Yeni yönetim lideri, Suriye’nin terör örgütü PKK saldırıları için “fırlatma rampası” olmasına izin vermeyeceklerini vurguladı. Savunma Bakanlığı’nın “Kürt güçleri”ni kendi saflarına katmayı planladığını belirten eş Şara, HTŞ’nin feshinin Ulusal Diyalog Konferansı’nda ilan edileceğini dile getirdi.
Eş Şara, Rusya’ya da değinerek, “Rusya’nın Suriye ile ilişkilerini zayıflatacak şekilde ülkeden çıkmasını istemiyoruz” dedi. Bu açıklama, Suriye’nin uluslararası ilişkilerindeki dengeleri etkileme potansiyeline sahip. Ayrıca, ABD’de başkanlık seçimini kazanan Donald Trump’ın, Suriye’ye yönelik yaptırımları kaldıracağına dair umutlarını dile getirdi.
Bu bağlamda, Suriye’nin geleceği ile ilgili belirsizlikler devam ediyor. Eş Şara’nın açıklamaları, Suriye’nin iç dinamikleri ve uluslararası ilişkileri açısından önemli bir dönüm noktası olarak değerlendiriliyor.
Ankara Küresel Danışmanlık Grubu Kurucusu ve ODTÜ Uluslararası İlişkiler Bölümü’nden Prof. Dr. Hüseyin Bağcı, eş Şara’nın açıklamalarını değerlendirerek, geçici hükümetin uzun süreli kalması durumunda tüm grupların temsil edilmesi gerektiğini belirtti. Bağcı, “Üç yıl boyunca anayasa olmayacaksa da geçici anayasa yapıp o insanların geleceklerini garanti altına almak zorundalar” dedi.
Bağcı, Suriye’nin demokratik bir yapıya geçmesinin ülkenin varlığı açısından önemli olduğunu vurguladı. Aksi takdirde iç savaşın kaçınılmaz olabileceğini ifade etti. Türkiye’nin, eş Şara üzerinde etkisi varsa, Suriye’nin demokratik bir yapıya kavuşması için çaba göstermesi gerektiğini belirtti.
Bağcı, “Suriye’de hedef, açık bir toplum mu yoksa demir pençe tarafından yönetilen bir ülke mi?” sorusunu gündeme getirdi. Türkiye’nin, eğer gerçekten etkisi varsa, demokrasi için etkisini göstermesi gerektiğini ifade etti. Aksi takdirde, demokratik olmayan bir yapı ortaya çıkarsa, Türkiye’nin sorumluluğunun artacağını belirtti.

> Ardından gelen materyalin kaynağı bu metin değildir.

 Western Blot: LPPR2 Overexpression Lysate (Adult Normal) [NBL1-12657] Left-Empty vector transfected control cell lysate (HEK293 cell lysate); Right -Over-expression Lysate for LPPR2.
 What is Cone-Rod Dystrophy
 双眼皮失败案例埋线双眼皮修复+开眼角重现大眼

Sonuç olarak, Türkiye’nin Suriye’de demokratik, denetlenebilir kurumlar oluşturulmasına katkı vermesi gerektiği vurgulandı. Colani’nin sınavı, din ile yönetilen bir Suriye’nin zorlukları ile başa çıkma yeteneği olacak. Demokratik bir Suriye’nin yaşama şansı ise daha yüksek görünmektedir.